The Hopelessness of Comparing Books to Movies, Part I

In my post on The Hobbit, I state, "Adaptations of a book to film can take several routes: the slideshow or strict rendering (boring), the interpretation (more interesting), the other viewpoint (fascinating), the make-a-place-for-myself (problematic but possibly insightful), and the 'all we used was the title' (pointless)."

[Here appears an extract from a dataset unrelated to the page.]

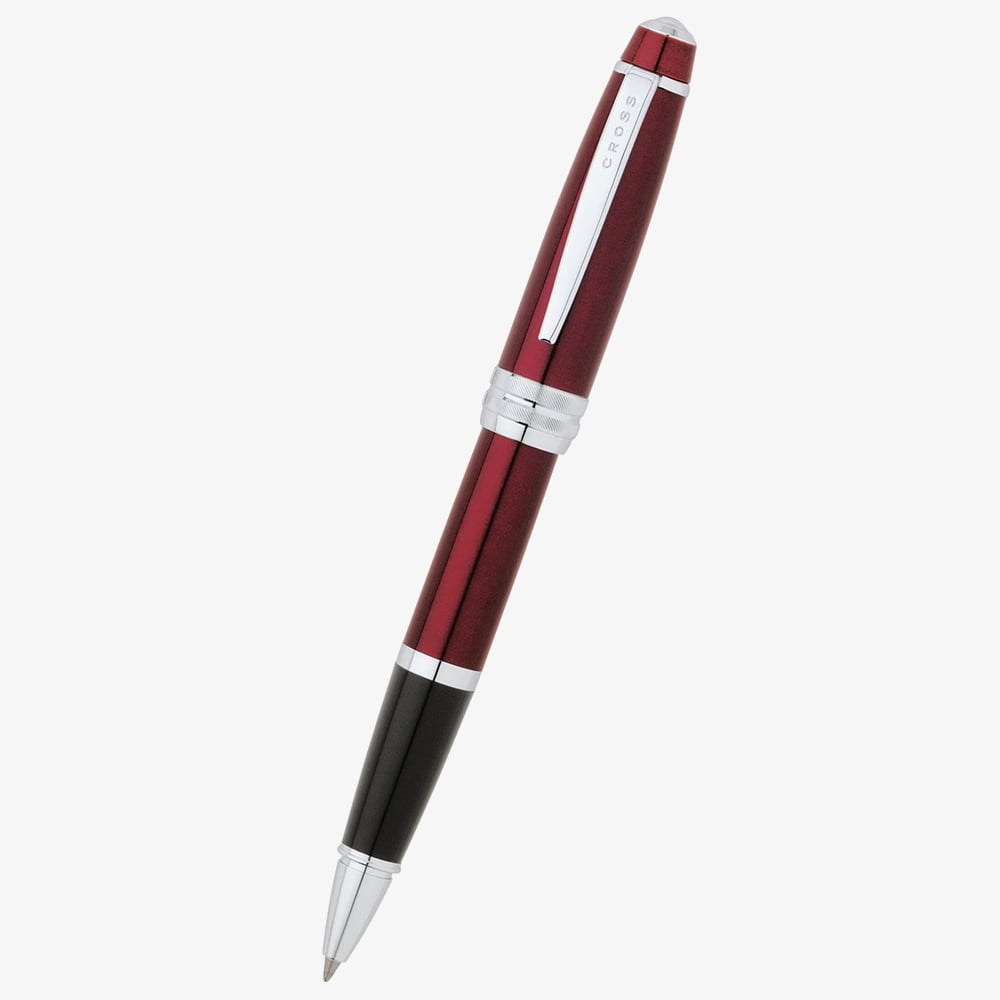 Cross Bailey Red Lacquer Rollerball Pen AT0455-8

Lovely image in a slideshow movie.
I will address this paragraph in more detail over several posts.

To start:

The Slideshow or Strict Rendering

This is the most boring of the approaches and only slightly less pointless than "all we used was the title." It can usually be traced to a basic fallacy: books = movies.

No, no, they don't.

It is not only utterly unfair to expect a movie to be a clone of a book, it is utterly unfair to judge a movie/television episode by the same criteria as a book as I discuss in my post "Getting Snarky About Television and Other Anti-Television Silliness".

In sum, watching a movie utilizes one's imagination differently than reading a book.

This reality creates problems  for readers who think that the imaginative journey they took in the book--"I could recreate the characters and the world in my own way!"--ought to be echoed by the movie.
A non-slideshow movie.
Since the movie provides images of the characters and of the world, the reader-now-viewer feels gypped ("But that's not the way I saw it! I'm not having the same experience!").

Of course, it's great to watch a movie where the characters and the setting are what one imagined. It simply isn't the point. The imaginative leap evoked by movies is NOT about turning words-into-images. The imaginative leap evoked by movies is about sensory immersion, no immediate left-brained translation.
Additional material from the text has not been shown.